In the context of above-mentioned research data, the coexistence of TIDM and AITD in the same patient or family is explained by sharing a common genetic pathophysiology as well as environmental factors with a defective immune regulation and modulation. Furthermore, and according to our clinical experience in diabetes and endocrine center, it has been observed that the subjects requiring treatment with L-thyroxine has significantly increased among young patients and adolescents with Type-1 diabetes. This is correlating with the research from other centers as well that 18-20% of the patients before the age of 18 (especially female gender) will require treatment for thyroid disease at any stage. Nonetheless, the data has also demonstrated association between subclinical hypothyroidism and development of diabetic kidney disease (DKD), which emphasizes the early screening and initiating thyroid drug treatment [25]. In summary and conclusion, the progression to the increase in TSH and ultrasound abnormal findings are usually observed within five years of diagnosis. However, progression and development of thyroid autoimmunity may also occur at any stage after diagnosis of Type-1 diabetes, and particularly is observed during early puberty. Delay in screening and diagnosis of other autoimmune disorders (including AITD) will impair glycemic control in type-1 diabetics. Conversely, detection of other autoimmune disorders simultaneously will assist in the clinical management of type-1 diabetes.

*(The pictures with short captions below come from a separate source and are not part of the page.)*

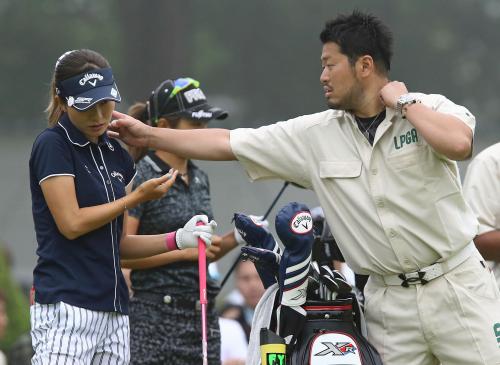 【画像・写真】光里　元さやチャージ６６首位　お騒がせキャディーと「楽しい」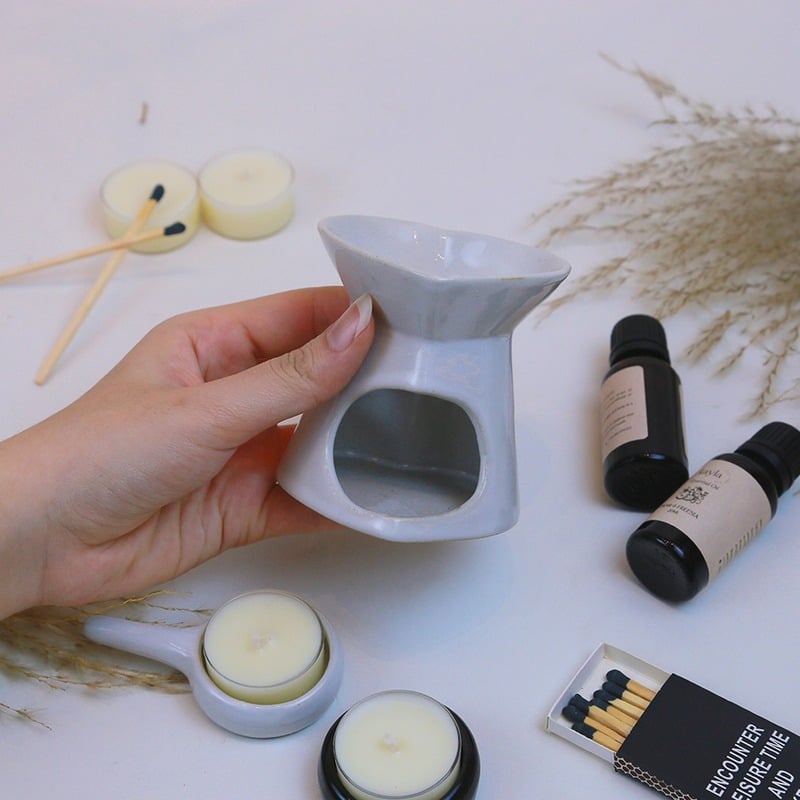 Đèn Sứ Trắng Xông Tinh Dầu Dùng Nến Tealight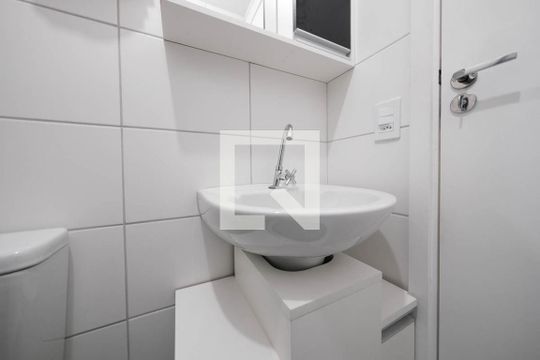 Banheiro de apartamento para alugar com 2 quartos, 37m² em Cidade Antônio Estêvão de Carvalho, São Paulo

Therefore, it is highly recommended that screening for thyroid disease should be initiated at the diagnosis of T1DM in all pediatric patients with anti-TPO, anti-TG, TSH, T3, and T4 (with ultrasound examinations if required) to detect early thyroid disorders. Treatment with L-thyroxine may be required if significant thyroid disease is detected. However, If the initial thyroid screening is negative, annual measurements of antibodies (anti-TPO) and TSH, even in the absence of clinical signs, is recommended among T1DM subjects according to the current clinical evidence [26], especially from the age of 10 years or from the onset of puberty. It is highly recommended to follow recent endocrine and diabetes guidelines for the management of diabetic patients with autoimmune disorders.

Declarations

Conflict of Interest

All authors declare no conflict of interest.

Acknowledgement

Authors are thankful for Eissa Ali Karn for his support for official documentation work.

Funding

This project was not funded by any organization and authors themselves reviewed the medical literature, collected data, written and edited the manuscript.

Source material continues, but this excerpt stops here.